The simultaneous nature of the shared cache is not manifested only in the fact that both the shared memory and the shared tag table are simultaneous-access systems, but also, among other things, in the fact that these two modules normally work in mutual simultaneity.
Increasing m, i.e., increasing the degree of associativity, brings the benefit of decreasing what is known as the conflict effect (as explained, for example, by Hennessy and Patterson, page 392). The same principle applies in the shared cache disclosed herein and provides motivation to enhance the degree of associativity in this shared cache, as well. However, this shared cache is a simultaneous-access system in which more than one transaction may want to access a given table entry at any given clock cycle, and the probability for this occurrence seems to rise as the sets become larger. Therefore, it might appear as if enhancing the associativity incurs a counter effect that detracts from the gain in performance. It turns out that in fact it is not so, as discussed in greater detail below. An increase of the degree of associativity does entail a penalty of another kind, though, which is unrelated to the cache being shared: Somewhat more energy is spent in an associative search, as more circuitry is activated.
As in a single processor system, there is also here a need in the shared cache for a mechanism that imports blocks from the next level of the memory hierarchy to the cache, as well as exports block that have been modified and need or are chosen to be replaced. The decision about which block to replace among the blocks in a set can be based on the least-recently-used (LRU) algorithm or on any other suitable replacement algorithm. What triggers an import/export request is a cache miss. In the shared cache disclosed herein, the mechanism responsible for handling import/export requests also has the duty of arbitrating among multiple such requests that may emerge simultaneously. The following further manifestation of the simultaneous nature of the entire shared cache system is a feature of the disclosed embodiments of the present invention: Import/export activity can be conducted while the regular activity of accessing the cache by processing cores is ongoing.
One implication of the fact that the cache is shared among multiple processing cores, so that contention between them over block frames may occur, is the following problem, to which we refer as the overtaking problem: Consider a situation in which processing core A attempts to access a word in the shared memory after receiving an affirmation from the shared tag table, but suffers some delay in completing the access to the shared memory. During this delay the relevant block is replaced, as a result of a transaction initiated by core B. Being unaware of the replacement, core A then accesses the wrong block. One simple solution for the overtaking problem is stalling all normal activity of accessing the shared memory by processing cores whenever an import/export operation takes place. Under this solution all transactions that have started and have not yet affected the state of the system are canceled, in order to be re-initiated as soon as the import/export operation completes. This solution has the following drawback: It precludes simultaneity between the regular access activity and the import/export activity.

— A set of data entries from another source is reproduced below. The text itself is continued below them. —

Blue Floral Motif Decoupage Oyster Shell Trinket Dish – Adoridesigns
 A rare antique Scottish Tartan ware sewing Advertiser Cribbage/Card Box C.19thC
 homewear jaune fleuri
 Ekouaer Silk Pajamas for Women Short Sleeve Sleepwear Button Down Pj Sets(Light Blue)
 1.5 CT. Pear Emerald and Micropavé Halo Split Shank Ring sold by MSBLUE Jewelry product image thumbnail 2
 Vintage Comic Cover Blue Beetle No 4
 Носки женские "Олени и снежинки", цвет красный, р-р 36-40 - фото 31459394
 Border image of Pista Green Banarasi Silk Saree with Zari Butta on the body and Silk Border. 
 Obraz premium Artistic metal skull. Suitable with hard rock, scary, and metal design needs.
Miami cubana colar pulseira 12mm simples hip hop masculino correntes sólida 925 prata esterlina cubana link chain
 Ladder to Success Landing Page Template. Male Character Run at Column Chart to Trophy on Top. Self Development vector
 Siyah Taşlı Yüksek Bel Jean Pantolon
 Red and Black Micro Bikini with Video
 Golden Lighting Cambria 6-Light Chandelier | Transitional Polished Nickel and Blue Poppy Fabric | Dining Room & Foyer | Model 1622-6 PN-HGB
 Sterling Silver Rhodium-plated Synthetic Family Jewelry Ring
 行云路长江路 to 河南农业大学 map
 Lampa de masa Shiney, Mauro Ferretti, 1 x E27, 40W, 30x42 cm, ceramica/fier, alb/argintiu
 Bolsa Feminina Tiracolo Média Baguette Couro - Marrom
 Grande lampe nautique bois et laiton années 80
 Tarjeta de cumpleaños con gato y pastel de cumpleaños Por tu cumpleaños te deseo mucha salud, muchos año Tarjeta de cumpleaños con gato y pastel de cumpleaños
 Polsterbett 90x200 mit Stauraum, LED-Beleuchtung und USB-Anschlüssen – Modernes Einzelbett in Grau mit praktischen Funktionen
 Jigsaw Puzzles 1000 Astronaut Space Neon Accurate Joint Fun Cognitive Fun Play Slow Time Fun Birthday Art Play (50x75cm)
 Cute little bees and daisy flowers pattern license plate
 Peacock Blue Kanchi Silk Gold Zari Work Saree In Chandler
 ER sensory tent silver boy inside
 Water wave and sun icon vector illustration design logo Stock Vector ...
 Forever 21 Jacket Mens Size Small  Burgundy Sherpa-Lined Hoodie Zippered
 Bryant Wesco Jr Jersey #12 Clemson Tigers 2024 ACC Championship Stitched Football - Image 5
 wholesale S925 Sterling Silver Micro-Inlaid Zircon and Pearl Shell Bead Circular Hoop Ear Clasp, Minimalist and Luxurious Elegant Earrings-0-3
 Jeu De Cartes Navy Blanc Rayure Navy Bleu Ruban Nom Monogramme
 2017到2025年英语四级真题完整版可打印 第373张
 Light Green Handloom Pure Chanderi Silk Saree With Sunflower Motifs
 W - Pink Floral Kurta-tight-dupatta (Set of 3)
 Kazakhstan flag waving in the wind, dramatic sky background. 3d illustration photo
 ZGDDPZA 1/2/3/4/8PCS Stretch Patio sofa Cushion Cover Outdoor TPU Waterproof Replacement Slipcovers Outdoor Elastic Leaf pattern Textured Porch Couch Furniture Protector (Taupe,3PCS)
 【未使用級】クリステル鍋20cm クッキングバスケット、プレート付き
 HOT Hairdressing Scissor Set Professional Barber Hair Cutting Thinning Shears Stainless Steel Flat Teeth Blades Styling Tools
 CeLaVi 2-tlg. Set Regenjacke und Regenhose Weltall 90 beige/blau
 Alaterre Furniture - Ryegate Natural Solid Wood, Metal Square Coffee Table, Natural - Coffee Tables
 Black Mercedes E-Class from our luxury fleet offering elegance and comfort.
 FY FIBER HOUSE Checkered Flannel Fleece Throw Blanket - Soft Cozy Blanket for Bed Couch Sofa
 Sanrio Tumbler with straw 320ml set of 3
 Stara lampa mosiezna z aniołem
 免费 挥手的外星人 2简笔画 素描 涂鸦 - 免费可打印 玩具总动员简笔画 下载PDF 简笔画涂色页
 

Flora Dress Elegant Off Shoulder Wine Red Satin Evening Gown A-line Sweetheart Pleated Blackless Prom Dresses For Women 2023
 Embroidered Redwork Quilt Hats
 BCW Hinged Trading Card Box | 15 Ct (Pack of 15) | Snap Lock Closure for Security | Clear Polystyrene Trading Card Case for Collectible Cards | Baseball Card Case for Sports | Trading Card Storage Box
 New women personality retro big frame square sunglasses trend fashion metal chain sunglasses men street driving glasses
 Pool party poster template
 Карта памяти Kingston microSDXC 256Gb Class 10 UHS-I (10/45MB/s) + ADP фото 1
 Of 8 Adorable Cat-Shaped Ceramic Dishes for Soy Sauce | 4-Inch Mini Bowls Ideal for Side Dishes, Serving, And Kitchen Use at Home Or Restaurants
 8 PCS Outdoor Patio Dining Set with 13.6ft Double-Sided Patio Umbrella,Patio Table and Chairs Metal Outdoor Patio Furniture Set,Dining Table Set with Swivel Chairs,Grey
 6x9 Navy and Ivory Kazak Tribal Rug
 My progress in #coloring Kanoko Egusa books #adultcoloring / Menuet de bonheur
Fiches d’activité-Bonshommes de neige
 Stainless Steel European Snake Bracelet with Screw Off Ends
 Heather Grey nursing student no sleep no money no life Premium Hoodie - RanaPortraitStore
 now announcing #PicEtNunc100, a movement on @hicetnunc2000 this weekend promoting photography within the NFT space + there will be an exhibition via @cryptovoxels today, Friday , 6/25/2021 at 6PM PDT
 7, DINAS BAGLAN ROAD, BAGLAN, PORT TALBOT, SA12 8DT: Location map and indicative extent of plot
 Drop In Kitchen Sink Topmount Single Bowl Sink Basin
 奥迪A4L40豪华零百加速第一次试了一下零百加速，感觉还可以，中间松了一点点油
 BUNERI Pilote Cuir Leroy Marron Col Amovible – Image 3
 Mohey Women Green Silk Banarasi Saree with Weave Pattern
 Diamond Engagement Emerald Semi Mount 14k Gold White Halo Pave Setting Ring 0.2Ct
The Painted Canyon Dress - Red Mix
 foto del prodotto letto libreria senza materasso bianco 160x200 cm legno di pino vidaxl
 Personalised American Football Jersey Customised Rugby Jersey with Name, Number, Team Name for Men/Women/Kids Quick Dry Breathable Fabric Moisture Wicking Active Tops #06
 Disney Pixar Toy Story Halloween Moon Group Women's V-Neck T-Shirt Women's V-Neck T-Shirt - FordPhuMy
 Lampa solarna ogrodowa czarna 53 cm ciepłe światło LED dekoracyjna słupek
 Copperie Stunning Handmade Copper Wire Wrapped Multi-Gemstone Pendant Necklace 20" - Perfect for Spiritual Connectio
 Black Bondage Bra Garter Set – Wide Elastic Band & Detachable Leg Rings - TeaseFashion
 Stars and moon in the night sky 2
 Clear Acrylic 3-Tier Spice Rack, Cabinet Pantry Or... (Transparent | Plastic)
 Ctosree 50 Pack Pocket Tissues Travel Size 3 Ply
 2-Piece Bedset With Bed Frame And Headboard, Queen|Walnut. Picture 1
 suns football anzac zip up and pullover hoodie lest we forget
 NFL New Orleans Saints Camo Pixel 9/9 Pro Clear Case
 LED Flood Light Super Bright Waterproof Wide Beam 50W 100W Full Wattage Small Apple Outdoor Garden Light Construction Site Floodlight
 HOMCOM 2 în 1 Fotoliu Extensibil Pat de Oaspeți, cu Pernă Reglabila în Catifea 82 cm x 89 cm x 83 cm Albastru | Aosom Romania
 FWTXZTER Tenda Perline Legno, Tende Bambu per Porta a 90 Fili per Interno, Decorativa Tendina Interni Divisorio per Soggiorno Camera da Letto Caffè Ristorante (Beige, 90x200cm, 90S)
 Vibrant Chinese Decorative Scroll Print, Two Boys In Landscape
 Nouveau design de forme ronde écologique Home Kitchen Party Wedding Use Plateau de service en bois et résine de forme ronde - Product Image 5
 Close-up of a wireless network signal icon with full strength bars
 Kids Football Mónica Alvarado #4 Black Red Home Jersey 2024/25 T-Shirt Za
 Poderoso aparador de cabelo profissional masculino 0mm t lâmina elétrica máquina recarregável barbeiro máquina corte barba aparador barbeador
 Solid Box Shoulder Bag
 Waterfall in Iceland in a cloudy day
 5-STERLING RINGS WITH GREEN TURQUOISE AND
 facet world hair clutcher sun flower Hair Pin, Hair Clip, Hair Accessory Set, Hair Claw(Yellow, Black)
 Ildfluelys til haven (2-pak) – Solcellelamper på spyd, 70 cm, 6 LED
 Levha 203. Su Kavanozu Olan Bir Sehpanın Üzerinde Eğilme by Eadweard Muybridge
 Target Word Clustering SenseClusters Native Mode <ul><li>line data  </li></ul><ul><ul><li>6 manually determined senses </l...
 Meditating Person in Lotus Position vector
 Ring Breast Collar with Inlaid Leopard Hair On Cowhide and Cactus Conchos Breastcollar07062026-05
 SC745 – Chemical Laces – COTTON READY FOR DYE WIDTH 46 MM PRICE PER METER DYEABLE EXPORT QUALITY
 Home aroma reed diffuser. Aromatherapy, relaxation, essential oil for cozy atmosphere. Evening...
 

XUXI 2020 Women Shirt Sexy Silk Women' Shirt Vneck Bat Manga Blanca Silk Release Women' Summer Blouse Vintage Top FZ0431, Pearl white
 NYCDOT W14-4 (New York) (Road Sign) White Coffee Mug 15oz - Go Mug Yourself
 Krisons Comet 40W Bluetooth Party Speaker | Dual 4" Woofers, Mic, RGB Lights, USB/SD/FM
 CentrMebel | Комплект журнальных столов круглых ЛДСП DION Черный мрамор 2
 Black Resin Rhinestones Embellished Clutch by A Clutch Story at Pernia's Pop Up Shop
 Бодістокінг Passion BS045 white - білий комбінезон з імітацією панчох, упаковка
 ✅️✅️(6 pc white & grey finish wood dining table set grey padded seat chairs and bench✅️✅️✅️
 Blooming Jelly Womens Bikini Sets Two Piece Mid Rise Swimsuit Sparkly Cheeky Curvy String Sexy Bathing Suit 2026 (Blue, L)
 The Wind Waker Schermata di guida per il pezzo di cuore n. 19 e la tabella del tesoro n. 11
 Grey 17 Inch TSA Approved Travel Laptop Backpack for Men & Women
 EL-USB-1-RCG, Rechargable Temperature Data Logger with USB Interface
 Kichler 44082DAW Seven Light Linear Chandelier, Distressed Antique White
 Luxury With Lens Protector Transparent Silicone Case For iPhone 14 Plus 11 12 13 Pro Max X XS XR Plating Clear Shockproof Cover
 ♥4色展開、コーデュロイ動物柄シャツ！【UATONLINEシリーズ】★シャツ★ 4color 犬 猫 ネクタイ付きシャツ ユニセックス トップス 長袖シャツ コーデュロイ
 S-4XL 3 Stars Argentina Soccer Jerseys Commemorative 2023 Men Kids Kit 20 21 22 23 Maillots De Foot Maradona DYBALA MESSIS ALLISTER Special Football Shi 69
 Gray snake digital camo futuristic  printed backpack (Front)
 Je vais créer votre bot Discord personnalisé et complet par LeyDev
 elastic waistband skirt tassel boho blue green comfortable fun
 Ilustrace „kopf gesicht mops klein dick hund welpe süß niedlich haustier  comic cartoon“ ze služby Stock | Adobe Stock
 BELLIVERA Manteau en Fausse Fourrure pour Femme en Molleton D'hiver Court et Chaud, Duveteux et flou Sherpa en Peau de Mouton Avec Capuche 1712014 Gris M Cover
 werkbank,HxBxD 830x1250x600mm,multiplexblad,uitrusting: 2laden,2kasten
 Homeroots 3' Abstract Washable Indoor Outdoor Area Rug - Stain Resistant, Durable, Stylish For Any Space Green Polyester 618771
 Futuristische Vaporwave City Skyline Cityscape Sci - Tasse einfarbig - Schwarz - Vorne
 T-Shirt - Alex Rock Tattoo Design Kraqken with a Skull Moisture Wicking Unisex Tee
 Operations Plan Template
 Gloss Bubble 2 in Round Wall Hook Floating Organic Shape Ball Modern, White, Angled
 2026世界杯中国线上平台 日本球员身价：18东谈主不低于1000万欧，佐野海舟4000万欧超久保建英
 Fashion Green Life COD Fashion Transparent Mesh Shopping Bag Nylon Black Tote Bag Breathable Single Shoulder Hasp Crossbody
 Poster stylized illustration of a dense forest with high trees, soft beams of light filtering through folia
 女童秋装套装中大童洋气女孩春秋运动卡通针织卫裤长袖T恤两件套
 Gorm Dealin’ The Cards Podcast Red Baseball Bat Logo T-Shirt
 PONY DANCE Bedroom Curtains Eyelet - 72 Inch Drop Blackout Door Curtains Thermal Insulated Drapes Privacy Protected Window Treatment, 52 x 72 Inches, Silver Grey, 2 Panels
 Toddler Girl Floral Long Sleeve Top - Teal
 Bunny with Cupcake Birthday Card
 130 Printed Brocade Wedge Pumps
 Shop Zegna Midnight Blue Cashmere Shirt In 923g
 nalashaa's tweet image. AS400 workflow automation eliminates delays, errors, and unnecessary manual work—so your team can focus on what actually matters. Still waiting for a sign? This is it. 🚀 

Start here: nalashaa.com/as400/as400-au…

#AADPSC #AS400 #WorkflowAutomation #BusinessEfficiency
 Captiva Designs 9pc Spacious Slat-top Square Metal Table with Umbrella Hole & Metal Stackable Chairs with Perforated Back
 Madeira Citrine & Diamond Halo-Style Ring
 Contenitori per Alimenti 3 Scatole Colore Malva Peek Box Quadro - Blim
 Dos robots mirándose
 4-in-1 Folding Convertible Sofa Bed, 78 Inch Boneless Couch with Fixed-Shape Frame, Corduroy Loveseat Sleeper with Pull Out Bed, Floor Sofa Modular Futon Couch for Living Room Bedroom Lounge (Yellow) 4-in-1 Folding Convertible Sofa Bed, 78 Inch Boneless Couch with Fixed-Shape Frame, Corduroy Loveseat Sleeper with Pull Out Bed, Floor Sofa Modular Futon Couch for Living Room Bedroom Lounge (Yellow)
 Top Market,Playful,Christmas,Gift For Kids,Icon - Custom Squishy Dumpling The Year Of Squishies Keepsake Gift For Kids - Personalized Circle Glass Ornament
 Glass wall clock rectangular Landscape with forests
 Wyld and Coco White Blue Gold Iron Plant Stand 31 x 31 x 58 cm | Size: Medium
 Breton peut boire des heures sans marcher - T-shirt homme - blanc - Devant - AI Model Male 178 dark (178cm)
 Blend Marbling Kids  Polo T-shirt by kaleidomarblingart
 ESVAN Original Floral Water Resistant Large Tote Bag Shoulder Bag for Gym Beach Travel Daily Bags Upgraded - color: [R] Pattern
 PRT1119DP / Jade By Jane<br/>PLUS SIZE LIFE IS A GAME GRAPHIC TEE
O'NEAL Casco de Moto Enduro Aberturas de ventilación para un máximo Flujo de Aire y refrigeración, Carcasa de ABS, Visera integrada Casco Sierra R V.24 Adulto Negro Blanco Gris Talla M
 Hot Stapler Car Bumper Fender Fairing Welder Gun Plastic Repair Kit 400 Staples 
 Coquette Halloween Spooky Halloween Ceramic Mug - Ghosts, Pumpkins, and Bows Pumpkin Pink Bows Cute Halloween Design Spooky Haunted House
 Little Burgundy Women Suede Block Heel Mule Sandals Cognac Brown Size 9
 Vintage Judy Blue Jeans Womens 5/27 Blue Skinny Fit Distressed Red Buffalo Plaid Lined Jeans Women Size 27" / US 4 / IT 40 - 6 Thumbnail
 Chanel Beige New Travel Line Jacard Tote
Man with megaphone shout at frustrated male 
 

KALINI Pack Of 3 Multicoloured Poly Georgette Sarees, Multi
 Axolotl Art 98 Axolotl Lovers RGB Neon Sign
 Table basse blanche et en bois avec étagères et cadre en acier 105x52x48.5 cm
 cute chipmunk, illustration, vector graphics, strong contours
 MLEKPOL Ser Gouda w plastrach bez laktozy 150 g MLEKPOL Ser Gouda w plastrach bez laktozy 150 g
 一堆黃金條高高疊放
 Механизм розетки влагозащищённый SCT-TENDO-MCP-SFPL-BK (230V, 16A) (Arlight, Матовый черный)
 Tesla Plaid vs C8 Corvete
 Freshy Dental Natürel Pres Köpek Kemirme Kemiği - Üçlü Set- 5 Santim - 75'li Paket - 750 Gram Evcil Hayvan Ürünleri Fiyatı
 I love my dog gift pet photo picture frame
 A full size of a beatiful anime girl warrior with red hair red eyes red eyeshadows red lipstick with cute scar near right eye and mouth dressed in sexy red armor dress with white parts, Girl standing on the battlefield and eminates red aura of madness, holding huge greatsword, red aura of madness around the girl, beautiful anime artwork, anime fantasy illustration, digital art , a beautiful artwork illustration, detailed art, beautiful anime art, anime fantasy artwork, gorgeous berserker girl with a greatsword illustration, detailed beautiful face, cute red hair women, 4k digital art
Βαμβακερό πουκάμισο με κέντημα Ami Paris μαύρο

The present disclosure therefore describes an alternative approach for solving the overtaking problem: This approach is based on letting a processing core know, when it receives an affirmation from the shared tag table, how many clock cycles are still left at its disposal to complete the transaction; that is, the core is informed by the shared tag table of the amount of time during which it is guaranteed that the block it needs will still be in place. If the transaction does not complete within the given grace period, the processing core should restart this transaction anew, with a renewed inquiry to the shared tag table.
Note that the overtaking problem is associated only with block replacements and is not associated with writes overtaking reads. If any such problem of the latter type were to occur, then it would have existed as a problem of the original shared memory from which we set out, before it was augmented with caching capabilities. However, such a problem can be avoided in a tightly-coupled multiprocessor, for example, by using the synchronizer/scheduler described in the above-mentioned U.S. Pat. No. 5,202,987, which ensures the correct order of operations through the use of a task map.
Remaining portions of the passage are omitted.